Record set —
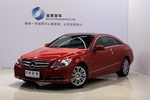 奔驰E级双门2011款E260 coupe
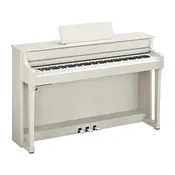Clavinova CLP-835 - White Birch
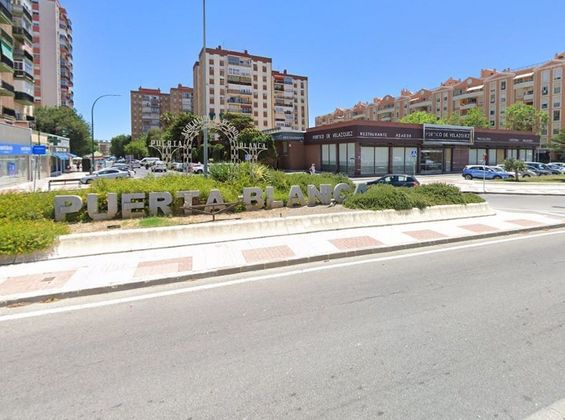 Foto 1 de Piso en alquiler en Parque Mediterráneo - Santa Paula de 3 habitaciones con terraza y muebles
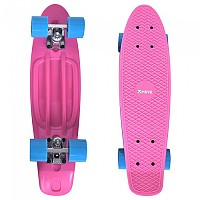 [해외]MOVE 스케이트보드 Old School Retro 22´´ 14140011838 Pink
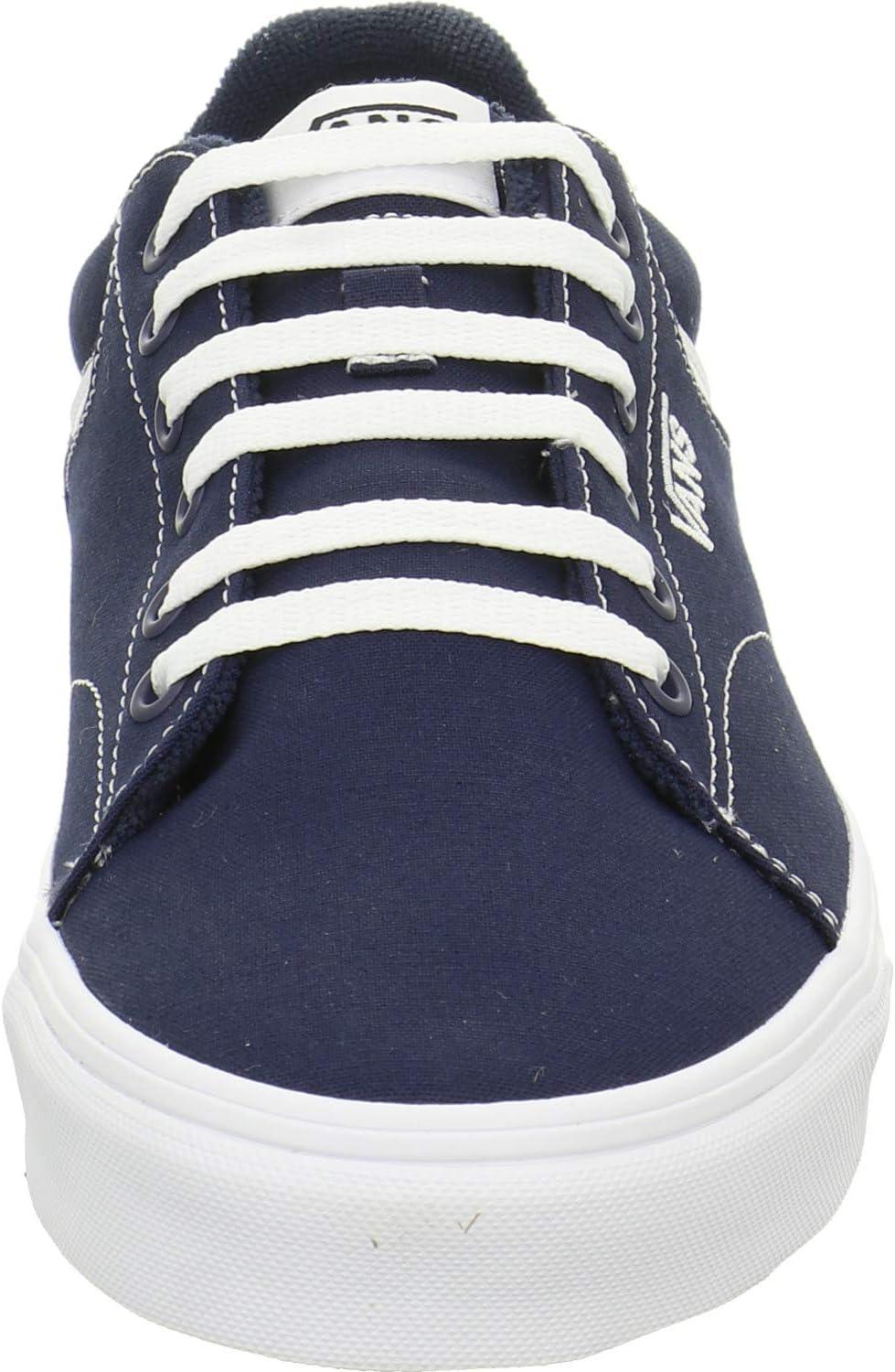 image:imageVans Mens SeldanSneakerCanvas Dress Blues White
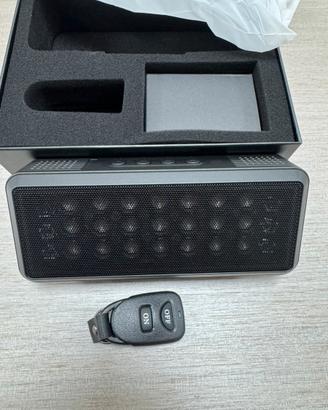 Jammer audio per registrazioni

Exercise requirements — Restate word for word, and only, the lines from the line that contains "image:imageVans Mens SeldanSneakerCanvas" through the end of the data, both included; pictures are not part of the copy.

Expected answer —
 image:imageVans Mens SeldanSneakerCanvas Dress Blues White
 Jammer audio per registrazioni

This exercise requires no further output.